SUPPLIED INFORMATION |
- - - - -

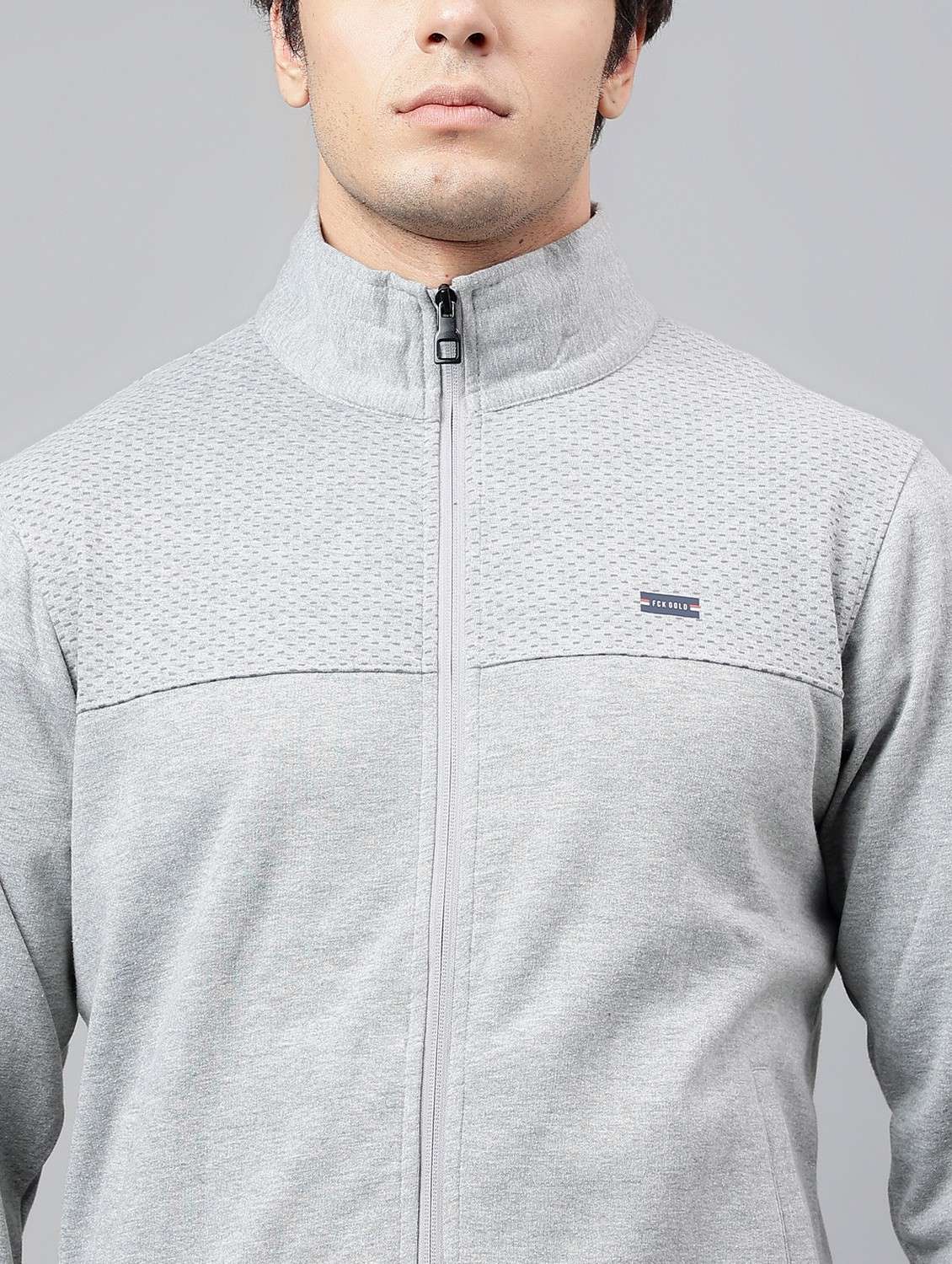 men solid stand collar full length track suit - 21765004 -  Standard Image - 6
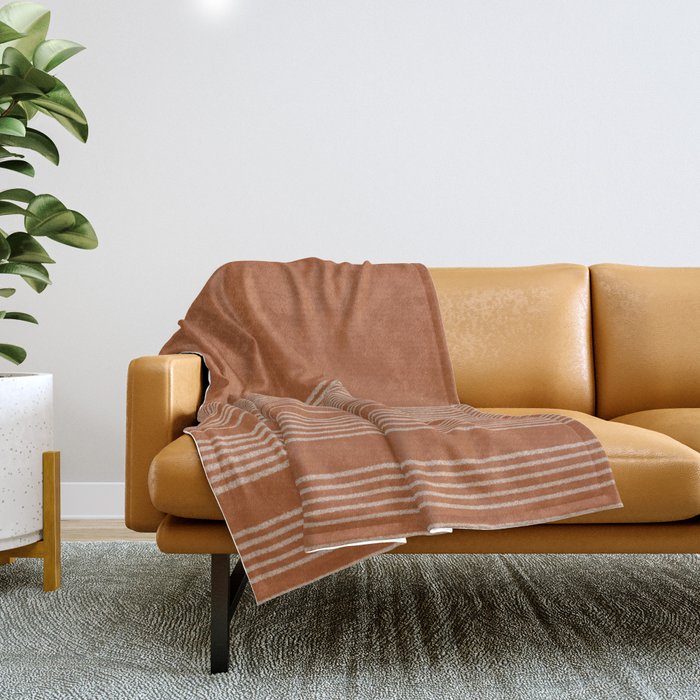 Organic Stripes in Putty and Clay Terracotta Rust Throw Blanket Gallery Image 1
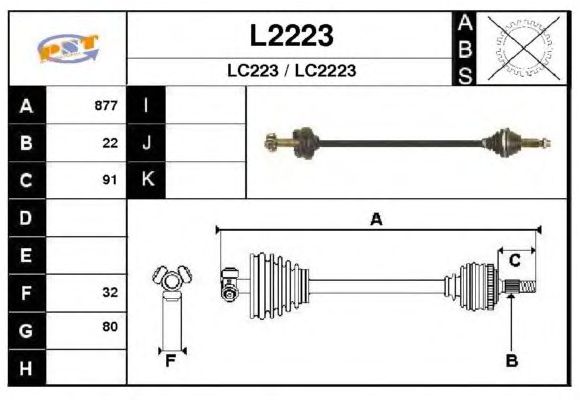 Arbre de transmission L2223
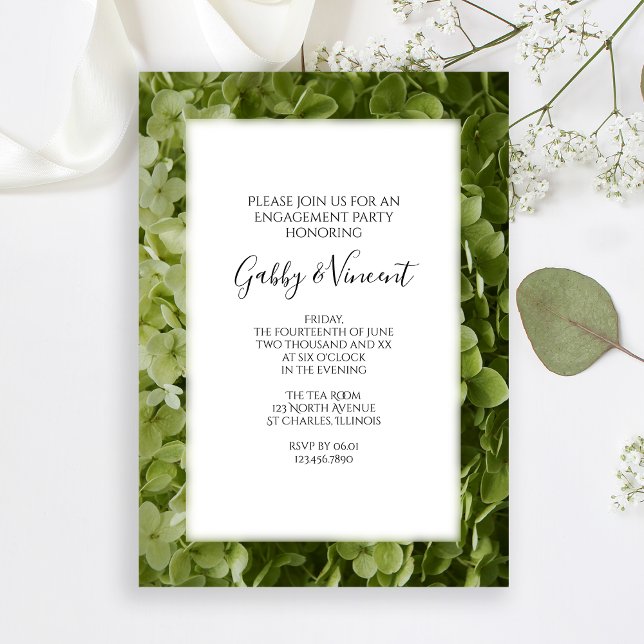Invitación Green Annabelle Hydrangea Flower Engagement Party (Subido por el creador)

- - - - -

Would you reproduce the listing above in full and exactly, without its pictures?

 men solid stand collar full length track suit - 21765004 -  Standard Image - 6
 Organic Stripes in Putty and Clay Terracotta Rust Throw Blanket Gallery Image 1
 Arbre de transmission L2223
Invitación Green Annabelle Hydrangea Flower Engagement Party (Subido por el creador)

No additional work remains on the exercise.